Opinion
David N. Mossessohn, for applicant.
Walter H. Evans, Asst. U.S. Atty.
BEAN, District Judge.
George Shapiro, an alien, has applied to be admitted to citizenship. He was born November 4, 1885, emigrated to the United States in December, 1904, and made his declaration of intention on January 16, 190k. At that time he was but 19 years, 2 months, and 12 days old, and the point is made that the declaration was not authorized by the naturalization law then in force, and therefore Shapiro may not now be lawfully admitted to citizenship.
Page 607.
The declaration of intention was made under section 2165, Rev. St. (U.S. Comp. St. 1901, p. 1329) the law in force prior to Naturalization Act June 29, 1906, c. 3592, 34 Stat. 596 (U.S. Comp. St. Supp. 1909, p. 477). There is nothing in it to indicate that the declarant must be of any particular age at the time of making his declaration, and the question whether a minor could lawfully make such declaration has been a frequent subject of discussion in the courts. It was assumed, rather than declared, by this court, soon after the act of 1906 became effective, that he could not; but all subsequent decisions of which I am aware, except that of Judge Landis, in Re Spitzer (C.C.) 160 F. 137, are that a minor who has reached years of discretion could make the necessary declaration required by section 2165, and that such declaration is a sufficient basis for a final adjudication under the provisions of the act of 1906. It was so held by the Court of Appeals of the Second Circuit in U.S. v.

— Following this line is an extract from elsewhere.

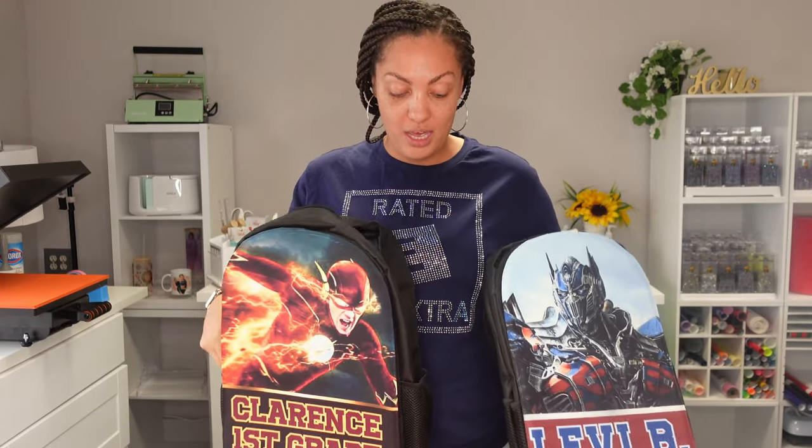Hey guys and welcome back to another video here with Angel B Designs, I'm Angel B. Thank you so much for watching — if you are new, welcome; if you're not, welcome back. In today's video we are doing book bags. It is back to school time and my kids want everything custom made. They know I know how to make shirts and book bags and literally all of the things, so they're constantly asking me for customized and personalized items.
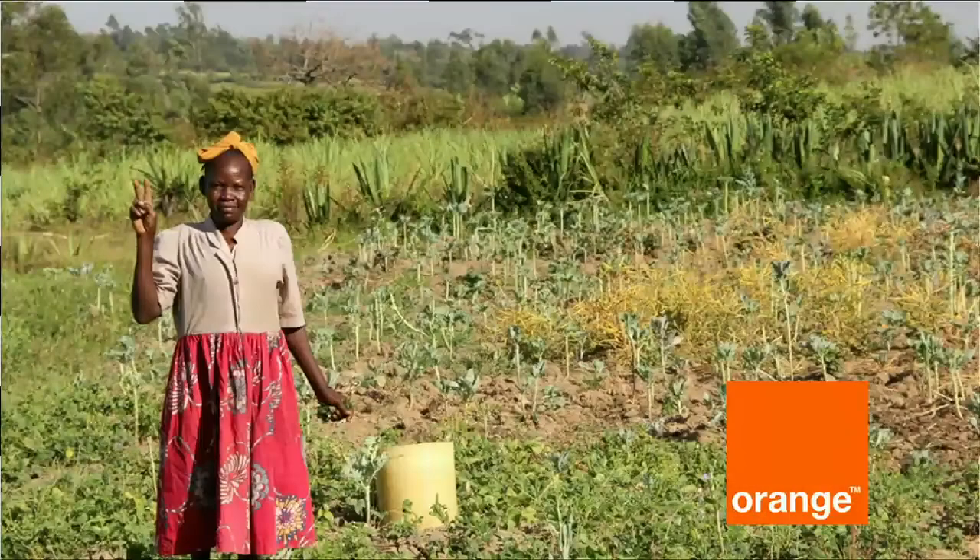Luke and I are very passionate about social impact. We worked for three years in Kenya with small farmers, helping them use organic fertilizer, funded by the Gates Foundation. Thanks to our partner Orange Telecom France, we're able to bring Soil IQ to farmers in need in Kenya, who can benefit from this technology and improve their crop yield.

George, 164 F. 45, 90 C.C.A. 463; by Judge Van Fleet, in Re Polsson (C.C.) 159 F. 283; by Judge Sanborn, in Re Symanowsski (C.C.) 168 F. 978; and by Judge Chatfield, in Re Gross (D.C.) 160 F. 739.
The applicant's declaration of intention is therefore sufficient, and the evidence as to residence, character, and fitness being in all respects free from exception, and sufficient to satisfy the law as to his general qualifications, his petition should be granted; and it is so ordered.